-- EXERCISE MATERIALS --
Segment Open
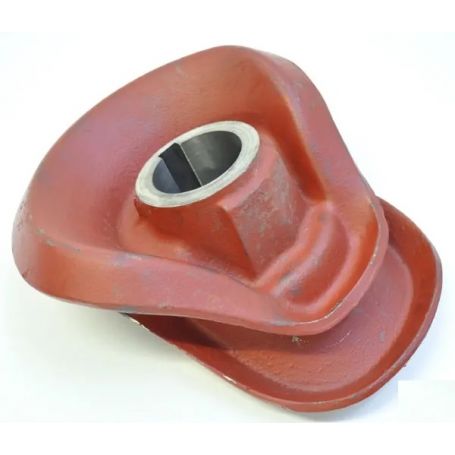 CAME DE GUIDAGE KUHN 57903700, 57903710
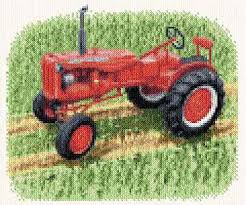 Check spelling or type a new query. Tractor Cross Stitch Pattern By Crosstitch Com Crosstitch Com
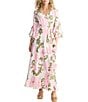 Talisman Carly Ibiza Dress - Image 1
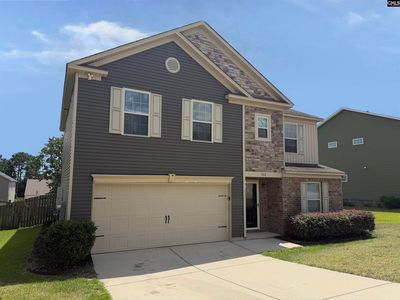 428 Riglaw Cir
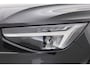 Volvo XC40 Single Motor Plus 70 kWh | Prijs Rijklaar | Adap. Cruise | Dodehoek (Blis) |Stoel + stuurverwarming | Warmtepomp | Google |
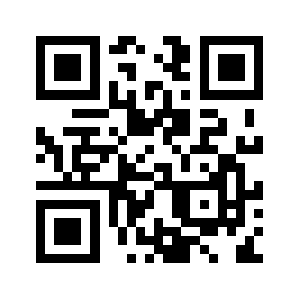 Qgsdhwh.com QR code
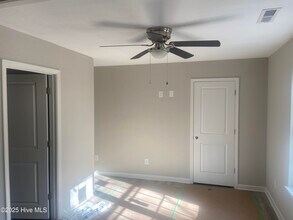 5321 Park Ave in Wilmington, NC - Building Photo - Building Photo
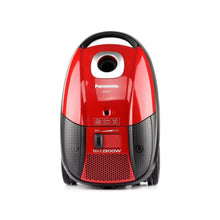 Load image into Gallery viewer, MC-CG711R747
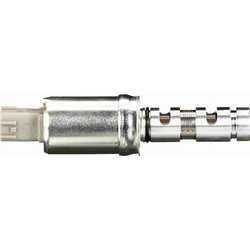 GATES VVS413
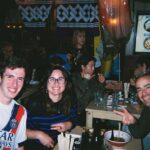 Tokyo: Private Asakusa Sake & Food Adventure with a Local - Bar Hopping and Local Drinks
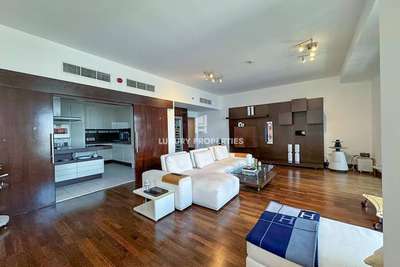 realestate photo 2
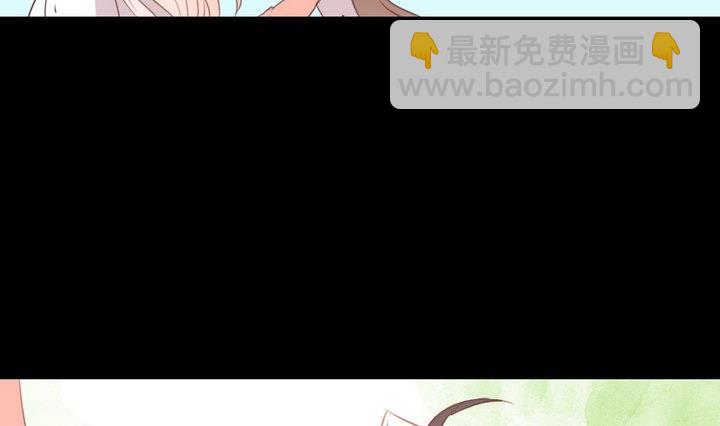 第99话 姐姐的男友24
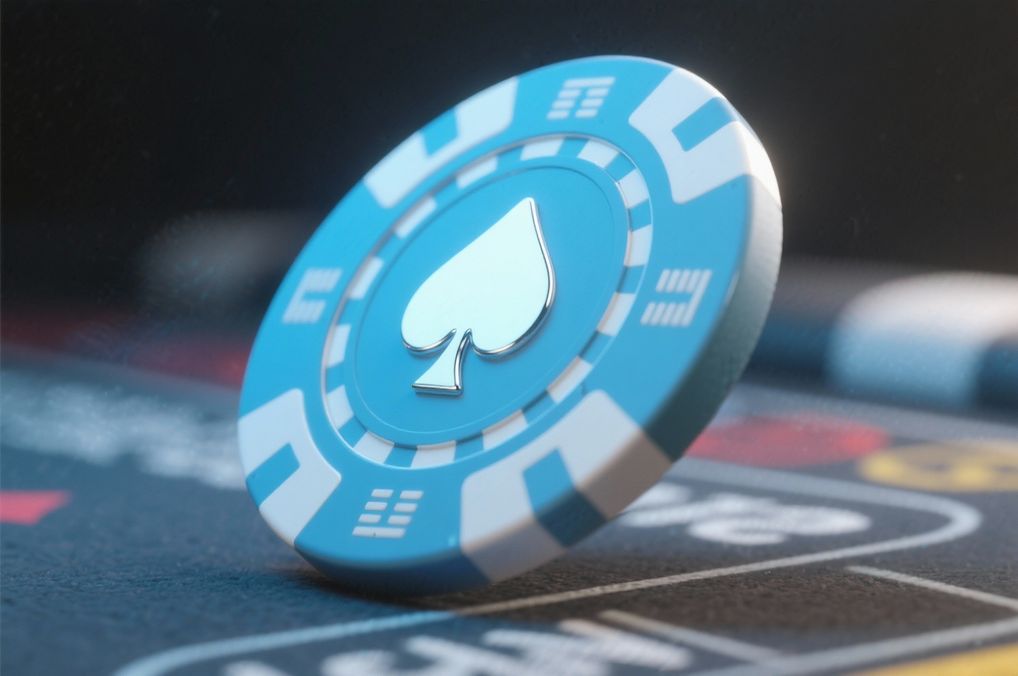 Top 5 Spintime Casino Bonuses: Maximize Your Winnings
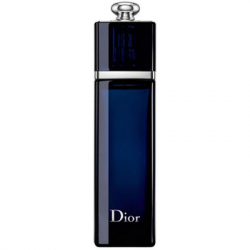 DIOR ADDICT D EDP 50ML SPR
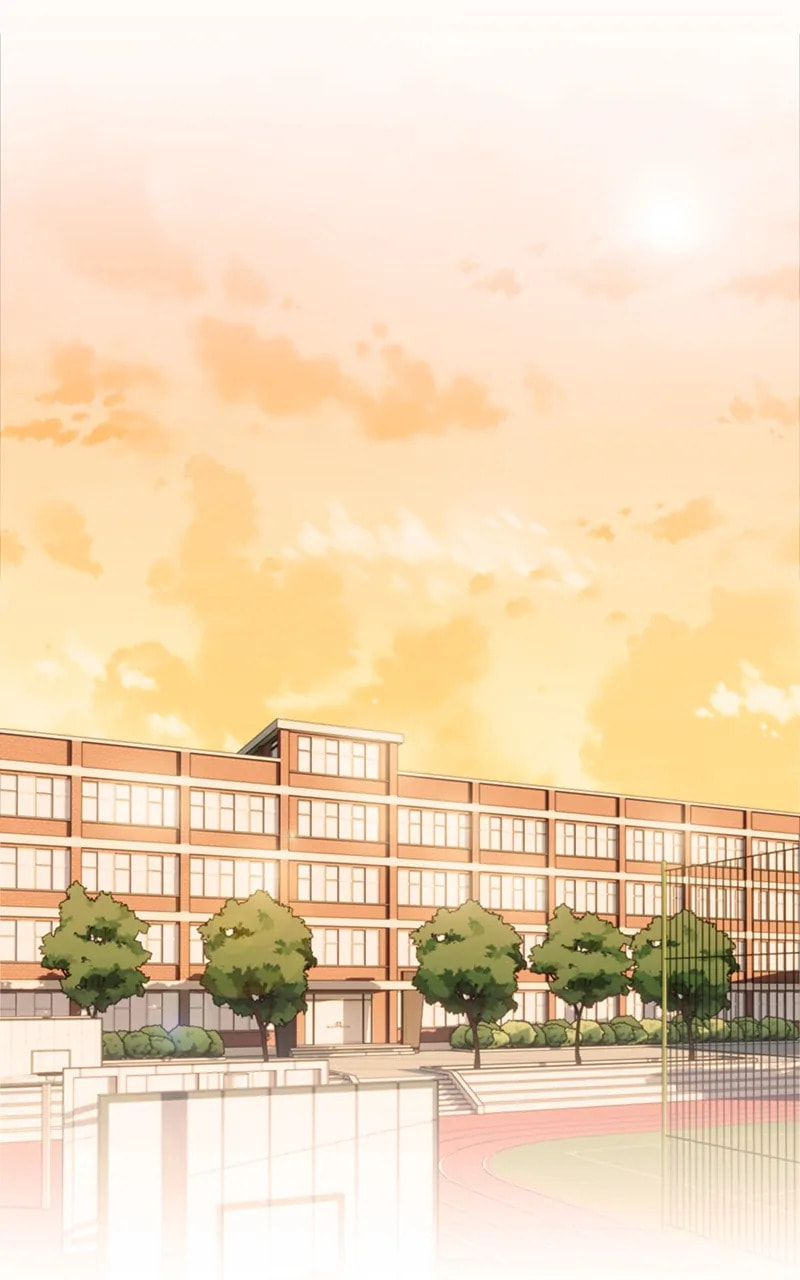 Read Real World Mobile chapter 47 image 7 on Lezhin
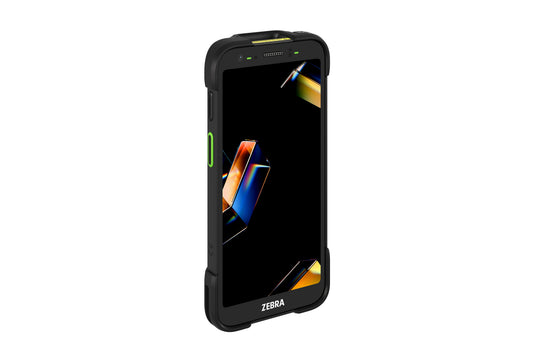 Zebra TC701 Terminal (TC701G-341B2B1A01-A6)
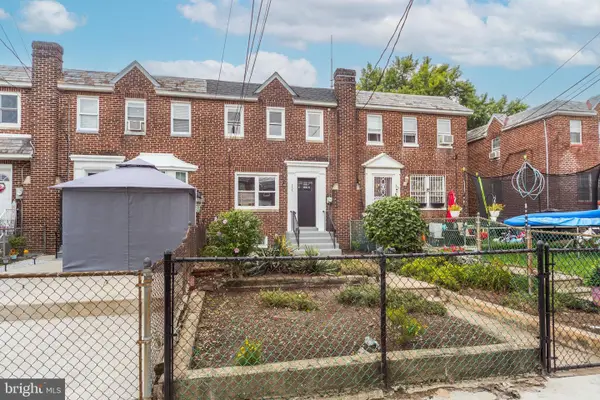 355 S 27th St, CAMDEN, NJ 08105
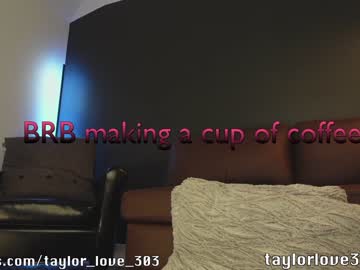 girl
        taylor_love_303 cam image #705758
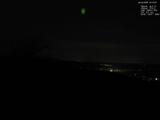 04 : 12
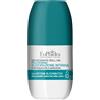 EUPHIDRA DEO ROLL ON SUDORAZIONE INTENSA 50 ML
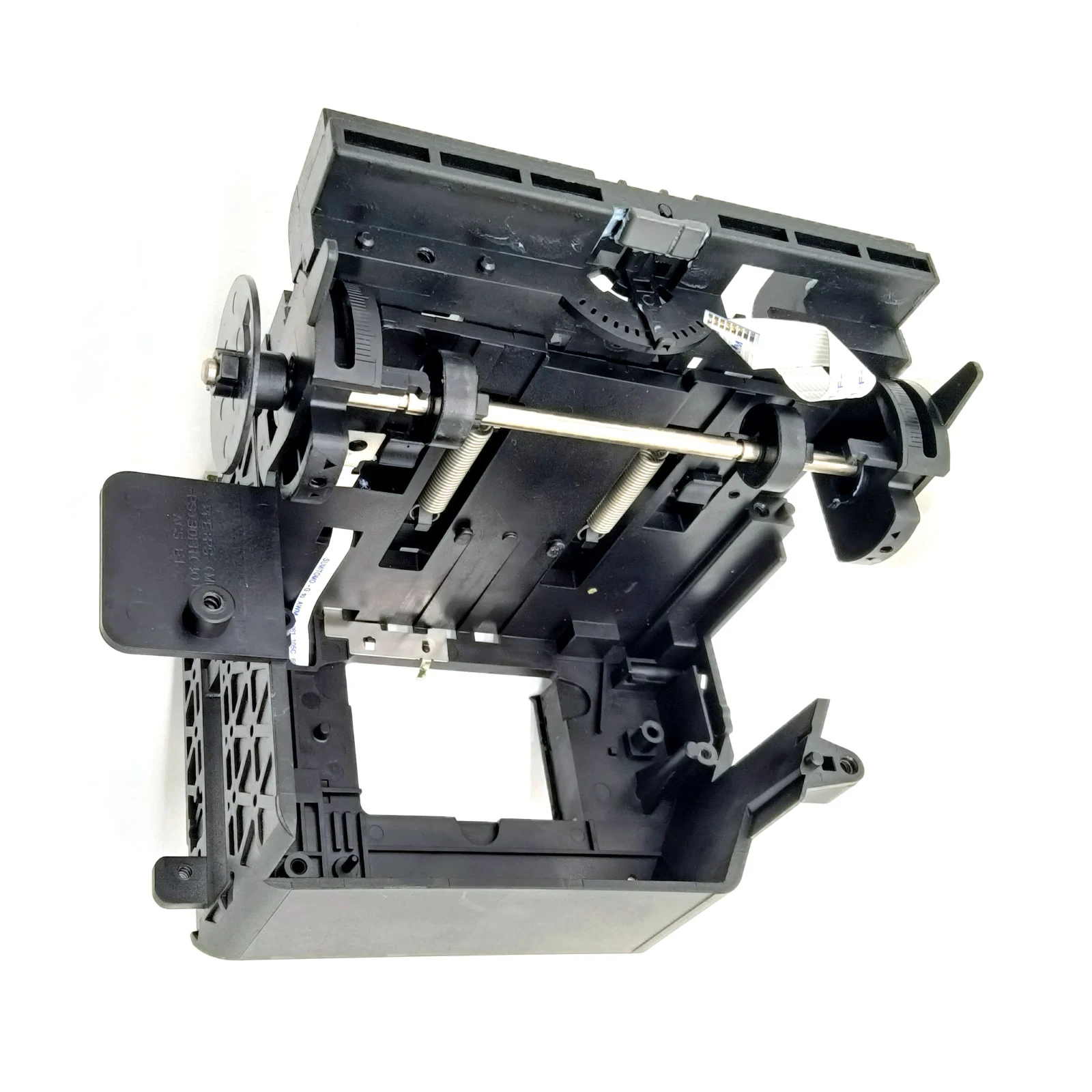 

Каретка печатающей головки 3880 3850 3885 P808 подходит для Epson 3890 3800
Segment Closed
-- TASK DIRECTIONS --
When you repeat the data, keep every line exact and drop the images.

-- ANSWER BELOW --
 CAME DE GUIDAGE KUHN 57903700, 57903710
 Check spelling or type a new query. Tractor Cross Stitch Pattern By Crosstitch Com Crosstitch Com
 Talisman Carly Ibiza Dress - Image 1
 428 Riglaw Cir
 Volvo XC40 Single Motor Plus 70 kWh | Prijs Rijklaar | Adap. Cruise | Dodehoek (Blis) |Stoel + stuurverwarming | Warmtepomp | Google |
 Qgsdhwh.com QR code
 5321 Park Ave in Wilmington, NC - Building Photo - Building Photo
 Load image into Gallery viewer, MC-CG711R747
 GATES VVS413
 Tokyo: Private Asakusa Sake & Food Adventure with a Local - Bar Hopping and Local Drinks
 realestate photo 2
 第99话 姐姐的男友24
 Top 5 Spintime Casino Bonuses: Maximize Your Winnings
 DIOR ADDICT D EDP 50ML SPR
 Read Real World Mobile chapter 47 image 7 on Lezhin
 Zebra TC701 Terminal (TC701G-341B2B1A01-A6)
 355 S 27th St, CAMDEN, NJ 08105
 girl
        taylor_love_303 cam image #705758
 04 : 12
 EUPHIDRA DEO ROLL ON SUDORAZIONE INTENSA 50 ML

Каретка печатающей головки 3880 3850 3885 P808 подходит для Epson 3890 3800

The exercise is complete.